Just wondering if you could help me ID this gun we found during a construction project in Amsterdam.

Thanks in advance,

Clem


----------



## CW (Mar 20, 2015)

Google Browning .380 1910 or 1955 models


Grips look like a 10/71. 

It may be the grips were replaced on a 1910/1955. My guess.


----------



## Clem (Apr 9, 2015)

Thanks, I have been searching but although I found a few models that resemble the one in my photo, I haven't found an exact match yet. Especially the plastic on the grip seems to differ from the models you mentioned.


----------



## SailDesign (Jul 17, 2014)

My google-fu has deserted me, but I'll check my Big Book o'Pistols when I get home. The shape at the bottom of the grip is distinctive, grips and pistol.


----------



## CW (Mar 20, 2015)

Clem said:


> Thanks, I have been searching but although I found a few models that resemble the one in my photo, I haven't found an exact match yet. Especially the plastic on the grip seems to differ from the models you mentioned.

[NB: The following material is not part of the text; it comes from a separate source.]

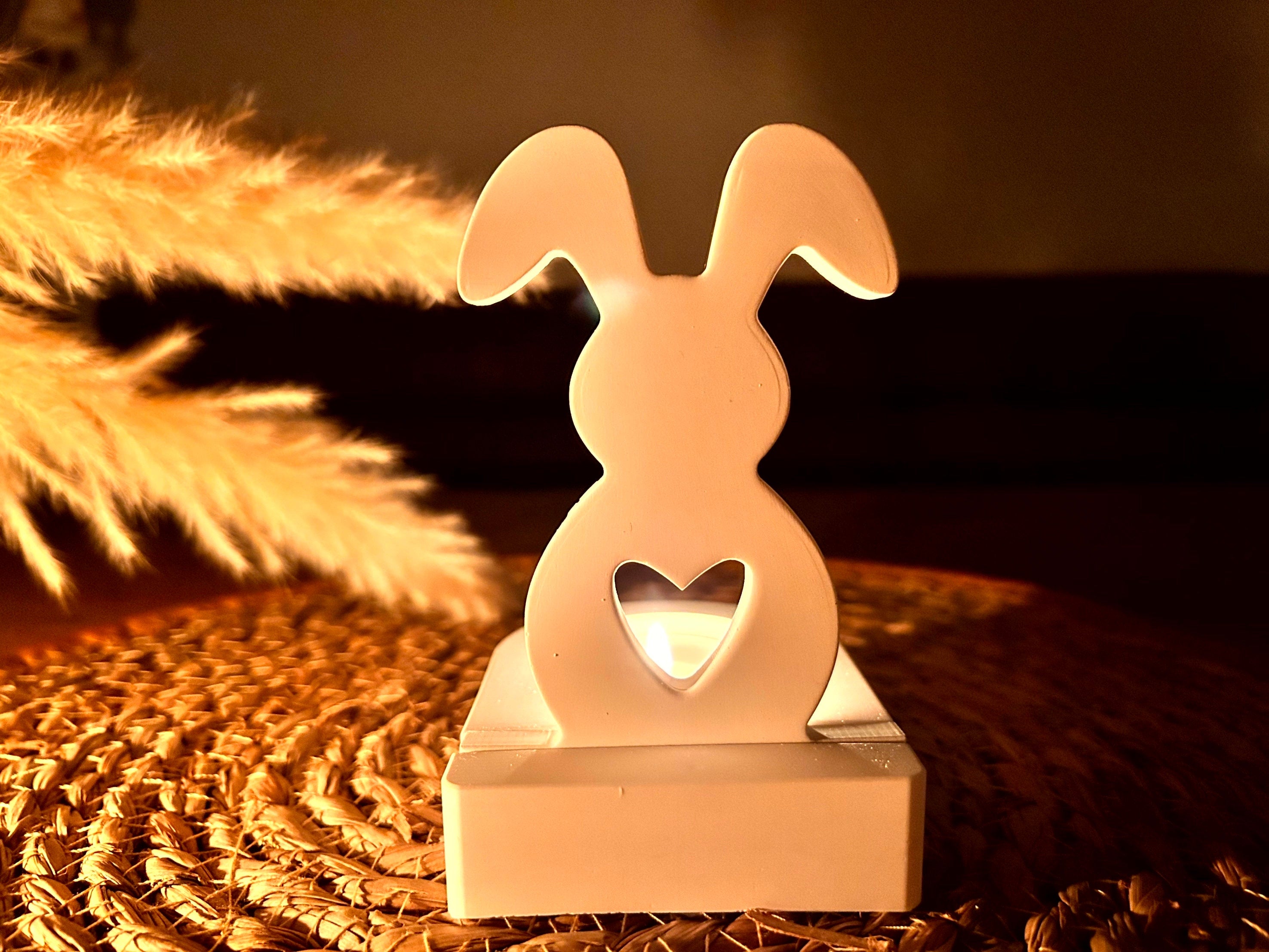 Silikon - Gießform -Hase mit Herz und abgeknickten Ohren 3 Einschieber für unseren Teelichthalter -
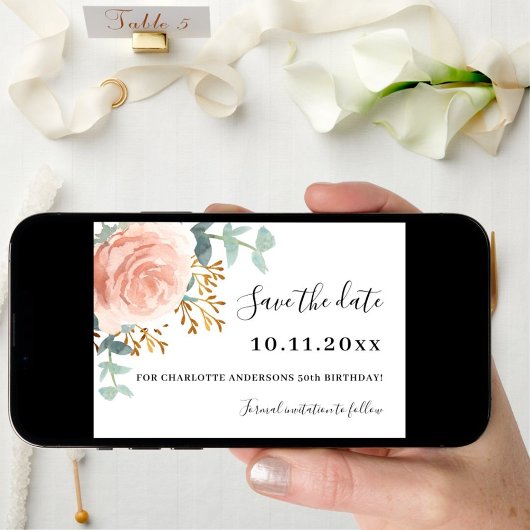 Roze gouden bloemen groen verjaardag Save the Date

The plastic is what makes me think the grip panels have been replaced. The release and bottom of mag/mag-well incline me to think the pistol is a 1910/55. It also lacks adjustable sights.

If the mag/mag-well had the extension I'd say it was a 10/71. [ Looking at more pictures, the MAG has the finger rest on it. ]
The panels appear to be 10/71 parts and may be interchangeable. The original 1910/55 grips may have been Bakelite and shattered/cracked at some point like old radio knobs.
Another thought is it could be a late/last/model year production run with next model's grips. That does add to the list of possibilities. I'd still go with replacement parts.

It looks like the gun suffered heat damage along with exposure.


----------



## Clem (Apr 9, 2015)

Thanks for all the help guys. Would make sense if some parts were swapped at some point. It doesn't seem like the combination of the parts was in any original model (but I only base that on google searches and the info you provided, I'm far from being an expert on this subject).


----------



## CW (Mar 20, 2015)

Have you been able to determine if the mag or whole cartridges are still in the pistol?

Not that the thing will ever function, but the rule: *Treat every gun as if it were loaded*, can be a life saver.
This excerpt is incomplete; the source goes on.